The fact that sooner or later Turkey will claim a right to its former Mosul Villayat was acknowledged by S. Hussein very well when he sanctioned dispossession of not only Kurds but also of ethnic Turks from the oilfields in the north of the country within the framework of the policy of Arab nationalism4.

Today there are about 100 thousand Turcomans from the 4 million population of Kurdistan Region, and most of them live in the province of Erbil. From organizational point of view the Turcomans are united in a number of social and political organizations and the most prominent is the Iraqi Turcoman Front which, however does not receive any support on the elections on all the levels.

Belonging of Kirkuk and other disputed territories, according to article 140 of the Constitution, should be decided at the local referendum which had to be held not later than on December 31. 2007. Due to the fact that in the region of Kirkuk Kurds constituted majority as a result of active repatriation5 and migratory policy carried out by Kurdistan Region, the prospects of the results of the referendum and passing of the district rich with oil to Kurdistan caused serious concern and strong reaction on behlaf of Anakra which demanded to postone referendum at least for five years. On January 15, 2007 Turkish prime-minister Recep T. Erdogan openly threatened saying that referendum in Kirkuk could initiate a regional conflict.

Both his statement: “At present Iraq for us is of greater priority than membership in the European Union”6, and information in the Turkish mass media that the 240-thousand army group reinforced with the armor and artillery was concentrated at Iraqi border come to prove that such a development is quite probable.

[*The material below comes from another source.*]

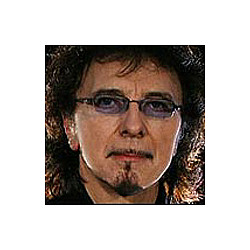Black Sabbath guitarist Tony Iommi meets fans to sign autobiography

In general Turkey pursues following strategic goals:
  1. Preserving of Kurdistan Region in united Iraq with the hope in future to strengthen the role of the centre in the business of the region.
  2. Not-allowing de-jure annexation of the oilfield in Kirkuk to Kurdistan Region.
  3. Initiation and support of the controversies, up to incitation of intra-fraction and intra-clan collisions between the main powers in Kurdistan – DPK, PUK and KWP.
  4. Creation and support of new political parties and movements which weaken and split the ranks of the powers traditionally working in Kurdistan. Formation of “Goran” party (“Changes”), established by a group of former members of Patriotic Union of Kurdistan which took away 11% of votes from the PUK at local elections comes to prove that such a process of party building has already been initiated after the acquisition of factual independence by Kurdistan Region.

Putting on the agenda the issue of involving gas from Iraqi Kurdistan to Nabucco project, Turkey not only preventatively lobbies direction of the gas export through its territory but also pursues a number of exclusively political aims. Under rather obscure prospects of Nabucco gas pipeline project implementation in its current configuration, only putting on the agenda the issue of multi-billion investments can initiate formation of more advantageous for Turkey stance of Kurdistan Region on a range of issues – from the relations with the Centre and Kurdistan Workers’ Party to the issue of Kirkuk.

In case if all goes well in the implementation of this economic and political intervention:

  1. Turkey, in fact, will get another reason – providing guarantees of uninterrupted functioning of an infrastructure which is of critical importance for Europe – to carry out operations against the activists of Kurdistan Workers’ Party who may deliver strikes on the pipeline on both the territory of Turkey and neighbouring Iraq.
  2. It will initiate another aspect in the controversies and force opposition between both the authorities and clans of Kurdistan Region and the fighters of KWP, as well as between main parties of Kurdistan on the issue of distribution of revenue from the gas production and export.
  3. It will stimulate reduction of separatist moods in Kurdistan Region, because mobilization of multi-billion investments will be made, most probably, to a united state of Iraq and not to its separated part, especially when this separation is fraught with serious escalation of tension along its borders, up to the initiation of military actions.
  4. By the same reason it will reduce the heat of the struggle for Kirkuk and will promote preserving of status-quo.
  5. In mid-term perspective Turkey will continue attempts of economic penetration to Kurdistan Region (at present about 70% of investments in the Region are of Turkish origin), it will also try to create political space oriented on Ankara, in particular using as an option, creation of Turcoman and Arab parties and movements. Model and techniques of transboundary projection of influence of most active pro-Turkish part of Turcoman movement on the entire political field of activity of Turcoman parties and organizations of Kurdistan Region, most of which are loyal to the regional authorities, may also be successfully implemented in other districts of Turkish foreign political interests, in particular in Javakhq, through designing external management of the entire movement of Meskhetian Turks from the centers of Akhiskian Turks in Turkey.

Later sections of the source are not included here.